Les Trios avec piano de Cécile Chaminade à réévaluer
La musique de Cécile Chaminade mérite bien plus que l'étiquette « salonarde » qui lui est parfois attribuée. La preuve avec ses deux Trios avec piano de très haute volée.
Comme beaucoup de compositrices de la fin du XIXᵉ siècle et du début du XXᵉ siècle, Cécile Chaminade (1857-1944) a trop souvent été cantonnée dans la « musique de salon ». Il existe pourtant tout un pan de sa musique de chambre qui mériterait d'être jouée dans les grandes salles de concert. A l'image des deux superbes Trios avec piano qui viennent d'être enregistrés sur le label italien Da Vinci Classics par trois jeunes interprètes méconnues mais convaincues : Tatiana Larionova (piano), Sara Pastine (violon) et Martina Biondi (violoncelle).
Bien sûr, l'influence romantique de Felix Mendelssohn et surtout de Robert Schumann est clairement perceptible dans le Trio n°1 en sol mineur op.11 (1881). La jeune compositrice de 24 ans, encouragée par Camille Saint-Saëns et Georges Bizet, cherche à bien faire dans la forme longue, respectant scrupuleusement les règles harmoniques et de développement de ses maîtres. Pourtant, dès le thème introductif de l'Allegro, incisif et vigoureux, immédiatement suivi d'un thème léger d'une grande chaleur expressive, on sent qu'il y a là une « patte » assez personnelle, un discours tout en contrastes qui va entraîner l'auditeur jusqu'au bout. Ce premier mouvement est un coup de maître, les trois autres étant un peu plus conventionnels, malgré un presto virevoltant quasi « mendelssohnien ». On aurait aimé un peu plus d'engagement de la part des trois jeunes interprètes, que l'on sent un peu timides, et guères flattées par une prise de son assez sèche, mais qui n'entame pas le plaisir de la découverte.
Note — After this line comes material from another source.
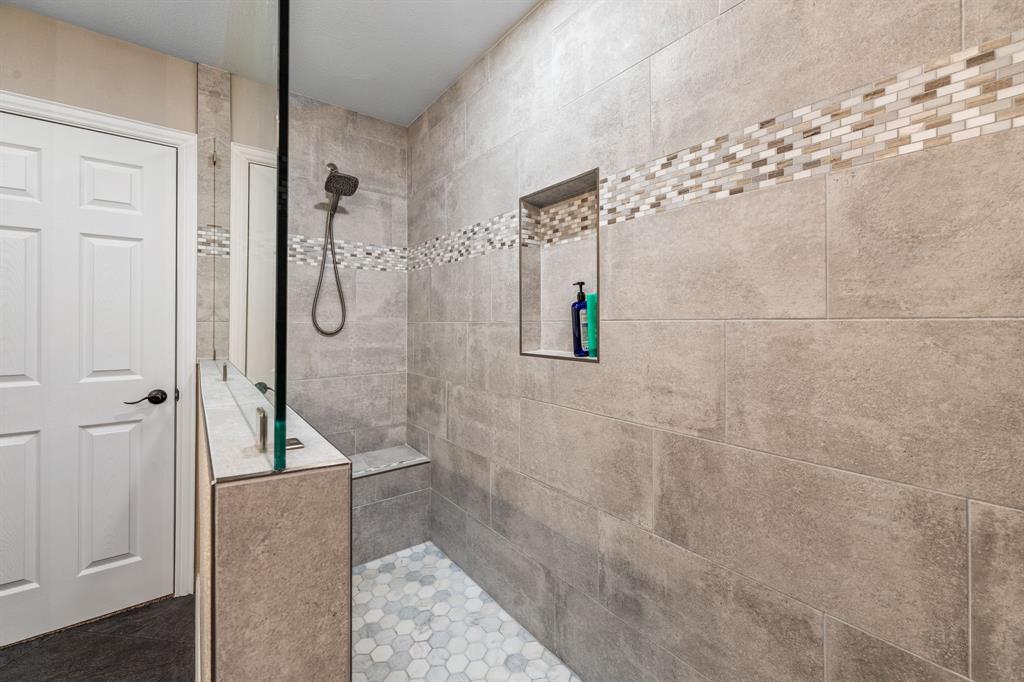 4904 Fairway Place Court Property Photo 18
Le véritable chef-d'œuvre est cependant le Trio n°2 op.34 en la mineur (1887). On sent cette fois plus de maturité et d'audace dans cette pièce à nouveau pleine de contrastes. A l'image de l'introduction, allegro moderato, élégiaque et véhémente, surprenante même de rudesse pour une compositrice à qui colle une image tenace de préciosité. Le grand thème lyrique et tendre qui s'enchaîne montre à quel point Cécile Chaminade savait équilibrer les contrastes. Le mouvement central, lento, est une pure merveille, comme un air d'opéra où violon et violoncelle semblent enlacés par l'accompagnement immuable du piano. Avant un final à nouveau surprenant de « virilité ». Le trio Larionova/Pastine/Biondi s'empare avec beaucoup plus de conviction de cette page magnifique, sans toutefois égaler la puissance de la version du Trio Chausson (Mirare).
Ce disque, qui propose également trois charmants Morceaux pour violon et piano, a toutefois le mérite de compléter une discographie assez pauvre, en proposant sur un même album les deux Trios, à ne vraiment pas négliger.